Hosting the summit from Microsoft’s headquarters in Seattle, Washington, Smith praised Ardern for her leadership in dealing with the Christchurch terror attack and the COVID-19 pandemic, as well as her climate change advocacy.
“It may seem like a decade ago, but it was only a year and a half ago that you had to address – as the world watched and supported – the terrible aftermath of the terrorist attack and the tragedy in Christchurch.”
Smith said what was “so striking” was how Ardern used the tragedy on March 15, 2019, to bring the world together and take action.
He praised Ardern’s partnership with French President Emmanuel Macron to spearhead the Christchurch Call, a voluntary commitment from governments and online providers intended to thwart terrorist and violent extremist content online, after the terrorist streamed the atrocity online.
Facebook, Google, Twitter and YouTube, as well as Australia, Canada, the UK, Italy, Ireland, Germany, Norway and Sweden are among the more than 60 signatories so far.
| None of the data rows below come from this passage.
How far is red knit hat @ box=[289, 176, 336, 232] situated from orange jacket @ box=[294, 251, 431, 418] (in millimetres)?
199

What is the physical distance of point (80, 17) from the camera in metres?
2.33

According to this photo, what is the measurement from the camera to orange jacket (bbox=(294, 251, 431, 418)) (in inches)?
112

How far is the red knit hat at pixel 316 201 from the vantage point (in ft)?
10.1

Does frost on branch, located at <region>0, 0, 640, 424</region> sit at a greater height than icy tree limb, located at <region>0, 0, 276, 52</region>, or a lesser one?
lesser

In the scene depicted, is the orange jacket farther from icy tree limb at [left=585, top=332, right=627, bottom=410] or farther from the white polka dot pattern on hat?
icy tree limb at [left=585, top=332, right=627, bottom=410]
Ardern said the silver lining to the tragedy was that it encouraged governments and tech sector leaders to take collective action – turning the terrorist’s advantage of global connectedness against him.
“We needed to take that same borderless approach and collaborative approach to address the problem itself,” Ardern said. “That’s why for us, regulation was never going to solve our problems. We needed to be able to mobilise very, very quickly in a dynamic way and not as Government but as NGOs and as tech companies, for a common solution.”